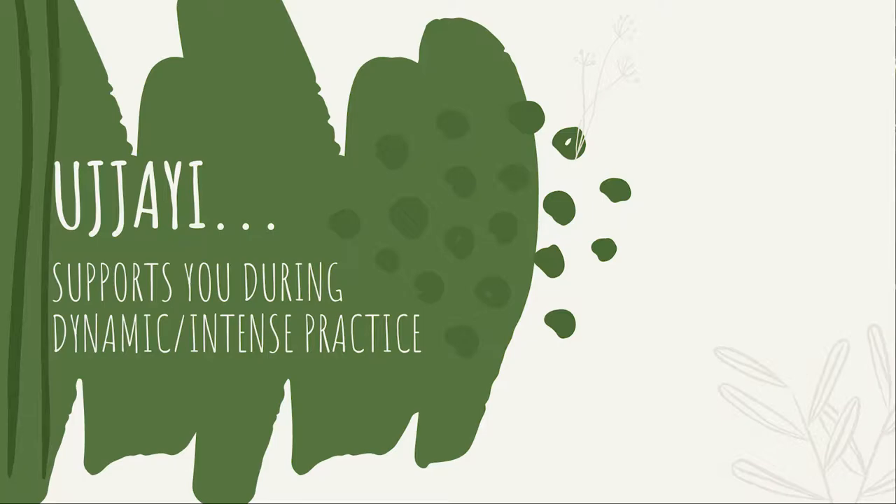Ujjayi helps you deal with the intensity of practice, because breathing Ujjayi helps reduce your heartbeat — experiments show it reduces it by about 10 to 20 beats per minute. When you're moving through more dynamic sequences like Vinyasa flow or Ashtanga Vinyasa style, you often find you need to stop or have the urge to gasp for air, especially when beginning practice. But when breathing Ujjayi, it helps slow down the heartbeat so you can maintain a certain rhythm of breath and practice for a long amount of time.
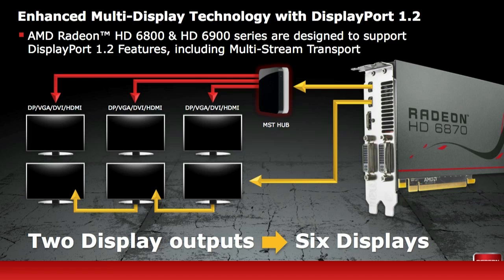For those of you guys into the Eyefinity technology, this card supports up to six monitors out of one card. Here in this illustration you can see how this is done.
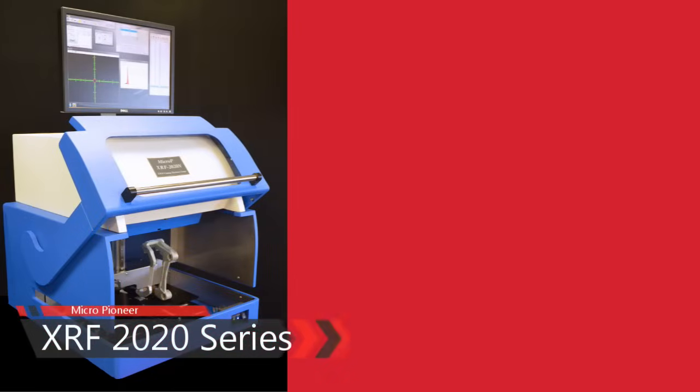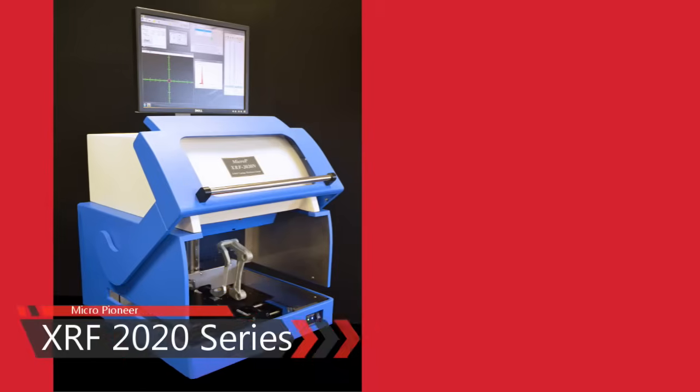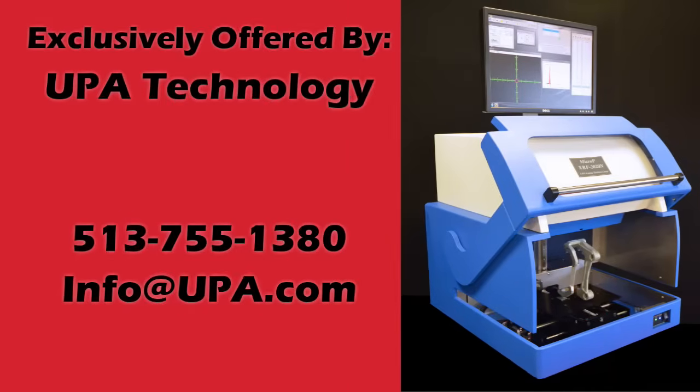Presented for your review and consideration, the Micro Pioneer XRF 2020 X-Ray Series, exclusively offered by UPA Technology for plating thickness measurement and materials analysis.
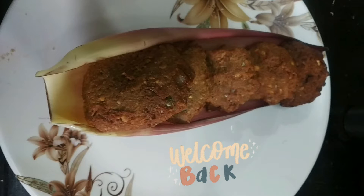Hi, hello, welcome back to Siri's Kids Kitchen. Today we are going to see how to make vadai with banana flower. Come on, let's get into the video.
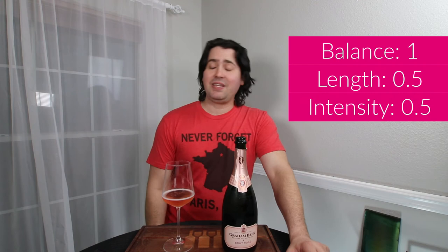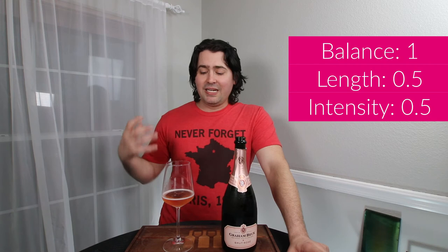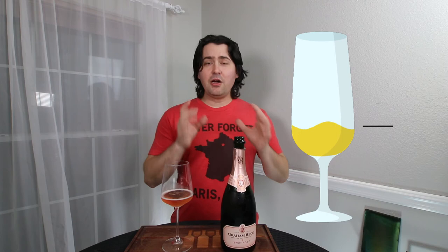It's a non-offensive wine. In terms of balance, I think you're in balance — I have no complaints whatsoever. One point. Length: medium finish, half a point. In terms of intensity, pronounced on the palate but medium on the nose, so half a point. In terms of complexity, I'm getting a bunch of red fruit, a little bit of secondary, and this nice breadiness that you'd get from the traditional method, so half a point. In the end, that's two and a half points — I'm going to lean towards very good.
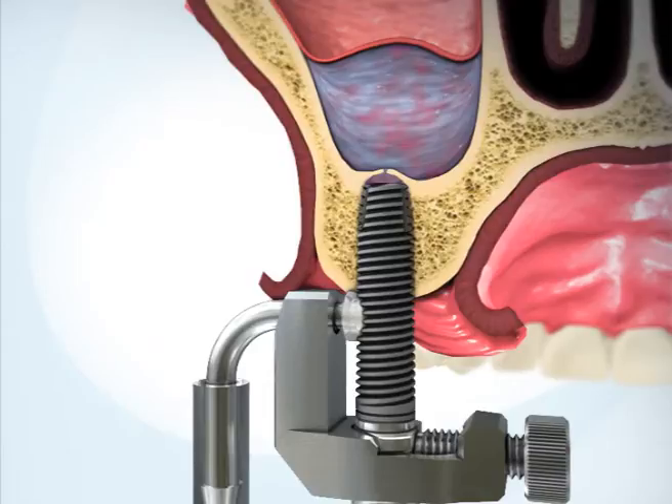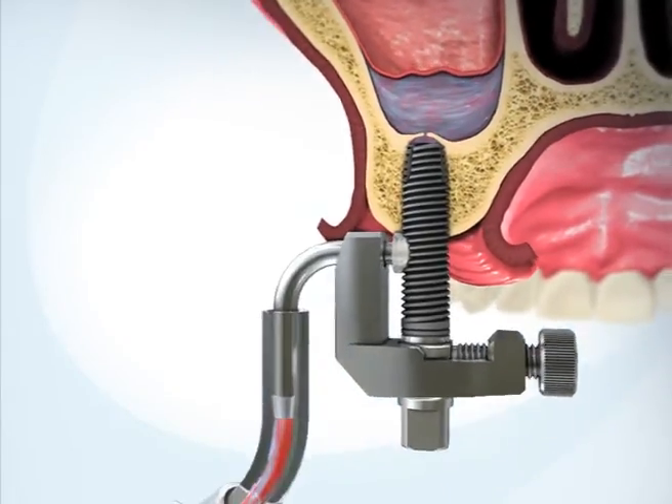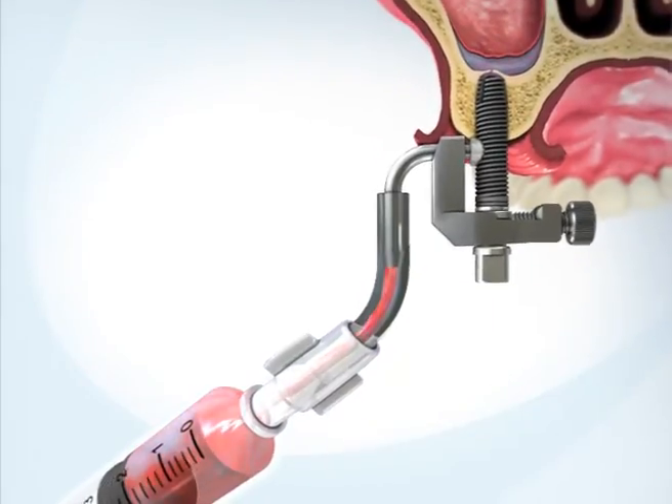Drain the saline from the sinus. Blood will be visible within the saline, indicating separation of the membrane.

+++

» **What the task requires**: All of the records above are to be written out exactly, minus their images.

» **Answer space**:
Ujjayi helps you deal with the intensity of practice, because breathing Ujjayi helps reduce your heartbeat — experiments show it reduces it by about 10 to 20 beats per minute. When you're moving through more dynamic sequences like Vinyasa flow or Ashtanga Vinyasa style, you often find you need to stop or have the urge to gasp for air, especially when beginning practice. But when breathing Ujjayi, it helps slow down the heartbeat so you can maintain a certain rhythm of breath and practice for a long amount of time.
For those of you guys into the Eyefinity technology, this card supports up to six monitors out of one card. Here in this illustration you can see how this is done.
Presented for your review and consideration, the Micro Pioneer XRF 2020 X-Ray Series, exclusively offered by UPA Technology for plating thickness measurement and materials analysis.
Hi, hello, welcome back to Siri's Kids Kitchen. Today we are going to see how to make vadai with banana flower. Come on, let's get into the video.
It's a non-offensive wine. In terms of balance, I think you're in balance — I have no complaints whatsoever. One point. Length: medium finish, half a point. In terms of intensity, pronounced on the palate but medium on the nose, so half a point. In terms of complexity, I'm getting a bunch of red fruit, a little bit of secondary, and this nice breadiness that you'd get from the traditional method, so half a point. In the end, that's two and a half points — I'm going to lean towards very good.
Drain the saline from the sinus. Blood will be visible within the saline, indicating separation of the membrane.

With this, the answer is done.